This feature requires JavaScript to be turned on. Community beautification should be high on your agenda as a local leader or a neighborhood or community organization.  Simple projects range from planting some pretty flowers or shrubs to painting planters, benches, sign posts, or whatever is beginning to look a bit […]

hands planting pink flowers

Community beautification should be high on your agenda as a local leader or a neighborhood or community organization.  Simple projects range from planting some pretty flowers or shrubs to painting planters, benches, sign posts, or whatever is beginning to look a bit tired. Volunteer-led projects such as these are one of the quickest ways to inspire more community spirit, socializing, and action.

A visually appealing community increases property values, attracts
businesses, and improves the neighborhood’s image. Beauty is one of the three most influential factors in community attachment, which means loyalty, to your particular town or city.
Some research even shows that a nice-looking neighborhood promotes good behavior.  To help you realize these benefits, we wrote articles on the topics below; if you are uncertain which to select, use the Search box at the top of the page. (This article continues after the grid.)

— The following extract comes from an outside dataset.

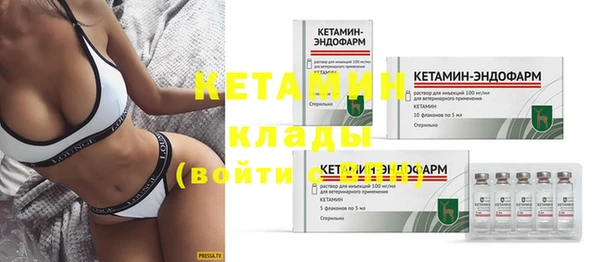 прущие грибы Вязники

Volunteer Community Beautification

To get started with beautification, you might create an opportunity to organize private citizens into
their own little community beautification campaign right at home . People might try to
out-do one another in installing great-looking window boxes, for
example. A common planting palette (a menu of plant choices) in a
neighborhood is attractive, for instance, if the assortment of plants
offered provides variety.

Your block or block unit or club could get into trying to attract butterflies, hummingbirds, or whatever.

A tree planting project, either on a vacant lot, in a park, or in
the parkway between the sidewalk and the street, is great for improving
community appearance over the course of a few years at a relatively low
cost. If you happen to live in a subdivision or condo development where the developer neglected to plant trees, you might focus your effort on making sure home owners select and plant appropriate trees to eventually give you a much healthier and more beautiful place to live.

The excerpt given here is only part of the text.